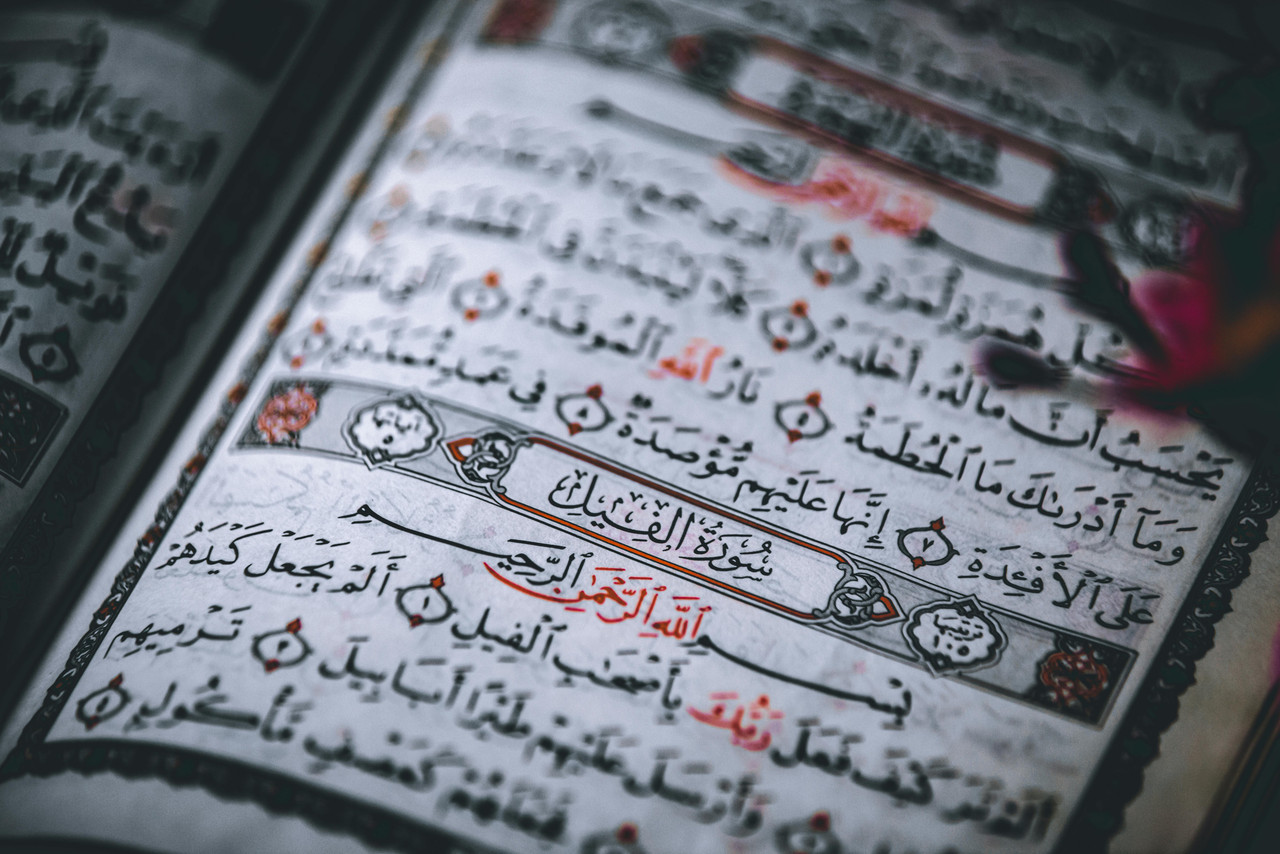 Patience-trained Quran Teacher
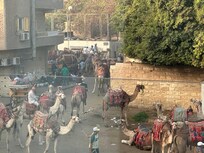 Blick vom Balkon Morgens ca. 06:20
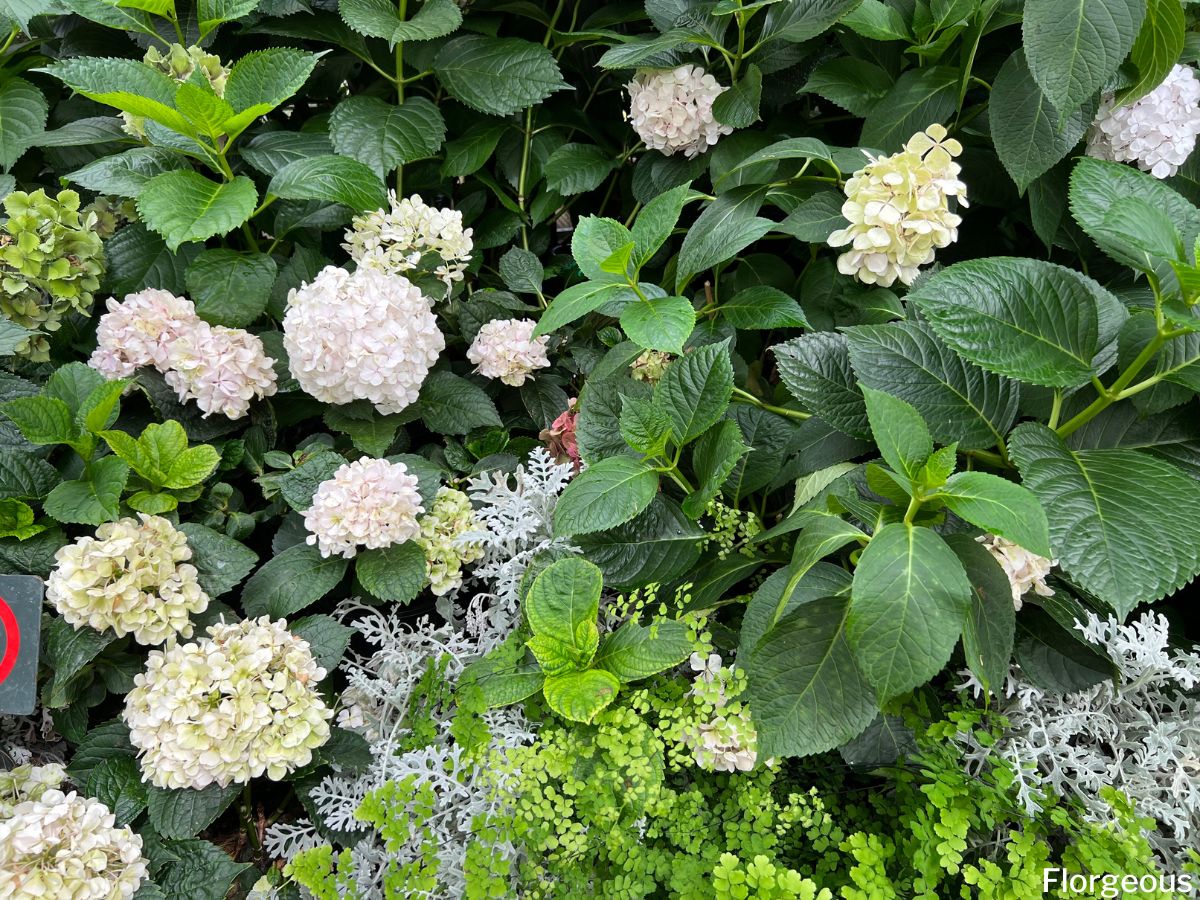 Image of Liriope companion plant for twist and shout hydrangea
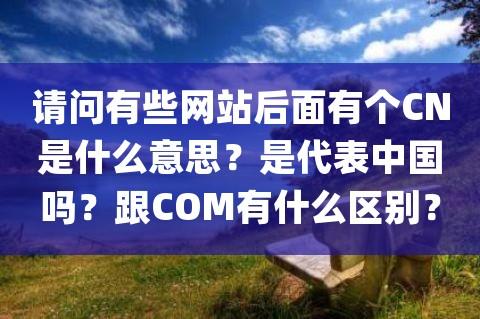 com和cn是什么意思？（探究com.cn域名后缀的演化历程与意义）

TRY IT: Give the data again exactly, image-free.

FINISHED EXERCISE:
 Patience-trained Quran Teacher
 Blick vom Balkon Morgens ca. 06:20
 Image of Liriope companion plant for twist and shout hydrangea
 com和cn是什么意思？（探究com.cn域名后缀的演化历程与意义）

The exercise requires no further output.